Medical trial meets one primary endpoint in heart failure with preserved ejection fraction
Sacubitril/valsartan reduces NT-proBNP, a biomarker predictive of long-term clinical outcomes in heart failure, but does not improve functional capacity compared to individualized background therapy in patients with heart failure with preserved ejection fraction. That’s the main finding of the PARALLAX trial presented in a Hot Line session today at ESC Congress 2020.
Heart failure with preserved ejection fraction (HFpEF) affects approximately half of patients with heart failure. Prevalence is expected to rise with the aging population and increased rates of risk factors such as hypertension, diabetes, obesity and atrial fibrillation. Patients are often highly symptomatic, with shortness of breath, reduced ability to exercise, impaired quality of life, and frequent rehospitalisations.

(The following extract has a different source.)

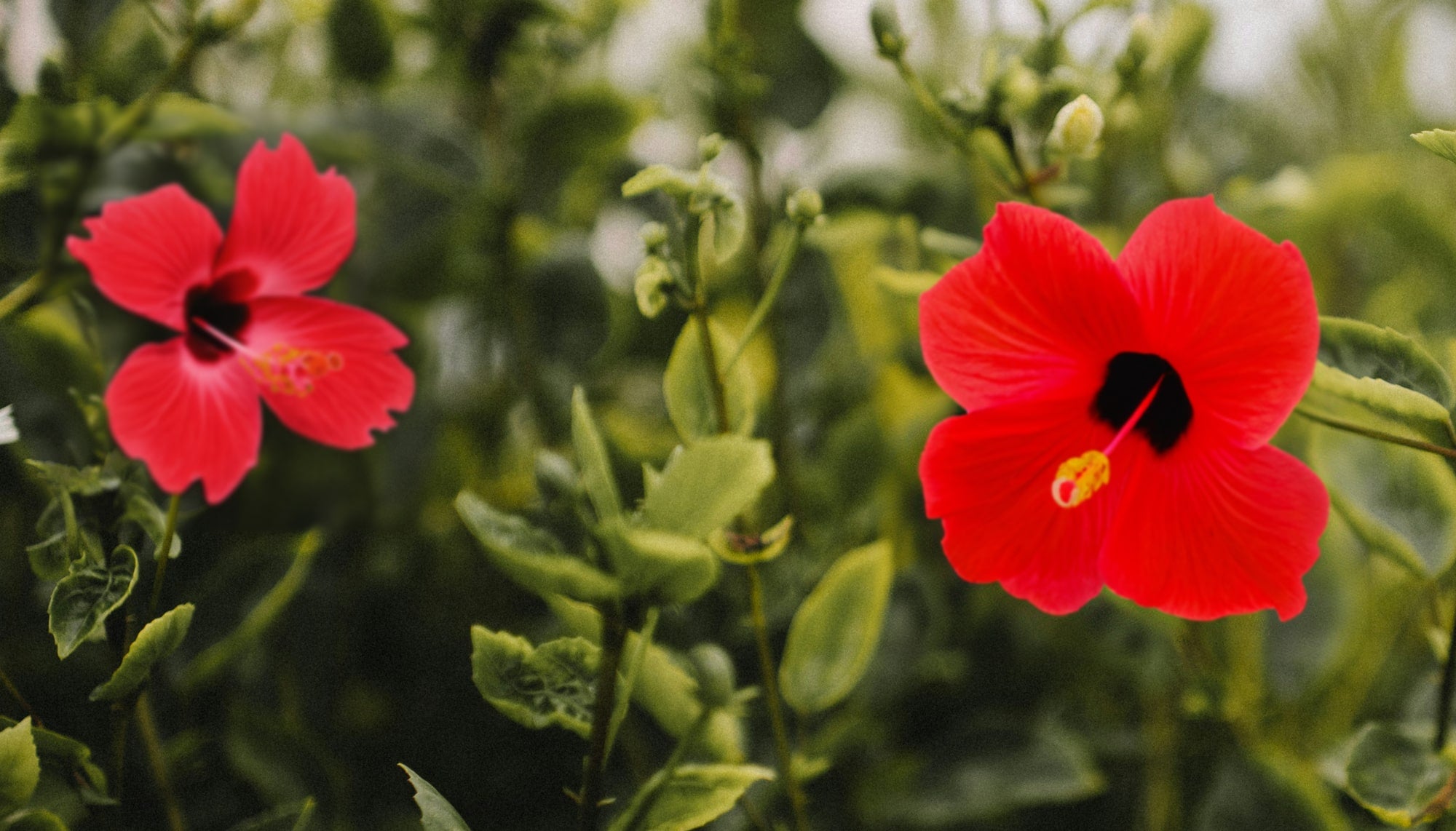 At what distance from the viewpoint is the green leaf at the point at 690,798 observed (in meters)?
0.24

There is currently no approved therapy to reduce morbidity and mortality in patients with HFpEF. Treatment recommendations mainly focus on symptom relief with diuretics and treating comorbidities, typically with inhibitors of the renin-angiotensin system (RAS) including angiotensin-converting enzyme (ACE) inhibitors or angiotensin receptor blockers (ARBs).
The PARAGON-HF outcome trial suggested that sacubitril/valsartan may reduce heart failure hospitalisations in HFpEF patients compared to valsartan (an ARB). However, in daily practice, not all HFpEF patients receive an ARB. Many take an ACE inhibitor, and some no RAS inhibitor at all.

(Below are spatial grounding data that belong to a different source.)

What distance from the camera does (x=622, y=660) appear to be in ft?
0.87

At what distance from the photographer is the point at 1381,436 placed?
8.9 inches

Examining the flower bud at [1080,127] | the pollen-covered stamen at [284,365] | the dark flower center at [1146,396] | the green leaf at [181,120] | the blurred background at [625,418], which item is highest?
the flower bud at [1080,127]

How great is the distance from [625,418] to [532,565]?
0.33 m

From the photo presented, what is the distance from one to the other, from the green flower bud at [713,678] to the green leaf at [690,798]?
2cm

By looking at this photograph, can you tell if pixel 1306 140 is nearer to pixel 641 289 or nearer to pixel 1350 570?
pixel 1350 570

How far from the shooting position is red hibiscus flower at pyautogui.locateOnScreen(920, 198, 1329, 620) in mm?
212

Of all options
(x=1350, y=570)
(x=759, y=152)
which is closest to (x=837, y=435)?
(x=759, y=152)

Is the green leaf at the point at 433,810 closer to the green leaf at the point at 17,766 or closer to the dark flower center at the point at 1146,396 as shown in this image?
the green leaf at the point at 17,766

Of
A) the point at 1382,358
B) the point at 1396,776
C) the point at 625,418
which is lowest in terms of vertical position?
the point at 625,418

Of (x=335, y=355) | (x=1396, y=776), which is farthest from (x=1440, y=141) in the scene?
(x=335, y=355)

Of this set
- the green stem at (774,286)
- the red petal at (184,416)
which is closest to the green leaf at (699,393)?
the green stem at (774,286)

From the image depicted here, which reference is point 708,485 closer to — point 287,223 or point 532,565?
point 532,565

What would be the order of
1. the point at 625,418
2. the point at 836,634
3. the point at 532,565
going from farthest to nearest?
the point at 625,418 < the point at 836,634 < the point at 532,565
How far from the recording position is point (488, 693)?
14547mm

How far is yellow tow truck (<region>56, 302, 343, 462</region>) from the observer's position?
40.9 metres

PARALLAX therefore tested the effects of sacubitril/valsartan versus optimal individualized background therapy, which could be the ACE inhibitor enalapril, the ARB valsartan, or placebo. The co-primary endpoints were chosen to assess heart failure severity and functional capacity: 1) change from baseline to 12 weeks in plasma N-terminal pro B-type natriuretic peptide (NT-proBNP); and 2) change in six-minute walk distance from baseline to 24 weeks.
A total of 2,572 HFpEF patients were randomly allocated to sacubitril/valsartan or their current RAS medication (enalapril, valsartan or placebo if they were not taking a RAS inhibitor). Patients in the trial had a mean age of 73 years and 51% were women. The mean left ventricular ejection fraction at baseline was 56%.

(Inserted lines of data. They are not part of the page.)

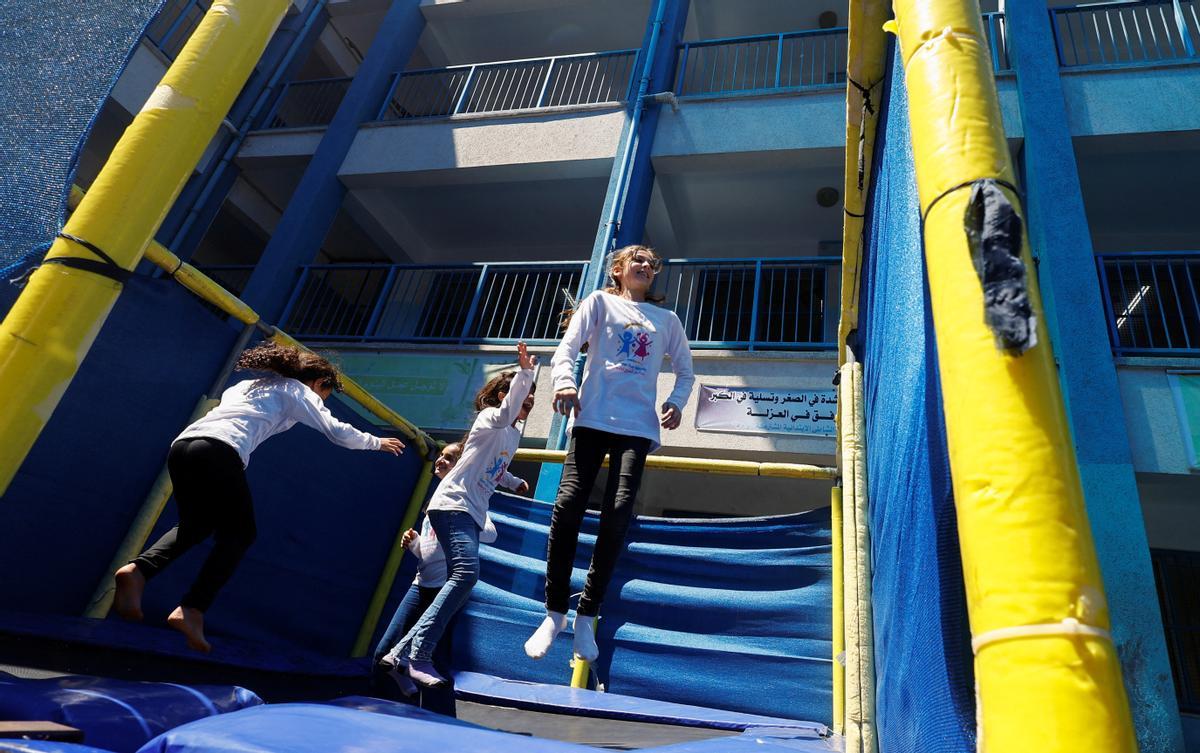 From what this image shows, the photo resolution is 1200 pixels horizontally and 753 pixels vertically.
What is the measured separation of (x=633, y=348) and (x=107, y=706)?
176cm

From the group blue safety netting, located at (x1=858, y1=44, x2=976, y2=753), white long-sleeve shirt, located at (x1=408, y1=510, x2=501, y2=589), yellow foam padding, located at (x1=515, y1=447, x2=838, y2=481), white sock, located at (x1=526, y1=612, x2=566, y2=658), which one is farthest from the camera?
yellow foam padding, located at (x1=515, y1=447, x2=838, y2=481)

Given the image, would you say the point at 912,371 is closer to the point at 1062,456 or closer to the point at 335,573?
the point at 1062,456

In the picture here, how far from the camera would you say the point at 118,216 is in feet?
5.31

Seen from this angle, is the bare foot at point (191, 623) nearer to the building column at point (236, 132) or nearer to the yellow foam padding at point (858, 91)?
the yellow foam padding at point (858, 91)

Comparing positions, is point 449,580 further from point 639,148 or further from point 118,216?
point 639,148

The trial met the first primary endpoint: after 12 weeks, patients treated with sacubitril/valsartan showed a highly significant 16.4% greater reduction in NT-proBNP than patients treated with optimal individualized medical therapy (p<0.0001).
The trial did not meet the second primary endpoint: at week 24, six-minute walk distance had improved in both groups compared to baseline (mean change was 9.7 m in the sacubitril/valsartan group and 12.2 m in the individualized medical therapy group), with no significant difference between groups (mean difference -2.5 m; 95% confidence interval -8.5 to 3.5 m; p=0.79).
Secondary endpoints included change from baseline to 24 weeks in quality of life (measured by the Kansas City Cardiomyopathy Questionnaire; KCCQ) and New York Heart Association (NYHA) functional class. Quality of life improved in both groups and was better with sacubitril/valsartan than the comparator at week four but there was no difference between groups at week 24. Changes in NYHA class were similar in both groups at week 24.
Overall, except for heart failure events, serious adverse events were reported in similar proportions of patients in both groups. Heart failure events (such as worsening heart failure requiring hospitalization or not necessitating hospital admission) were the most common serious adverse events and occurred in more patients in the individualized medical therapy group than in the sacubitril/valsartan group. Based on this, a post hoc analysis showed that sacubitril/valsartan reduced the risk for heart failure hospitalization by 50% (p=0.005). Patients in the sacubitril/valsartan group also had a significantly lower decline in renal function (estimated glomerular filtration rate; eGFR) at 24 weeks.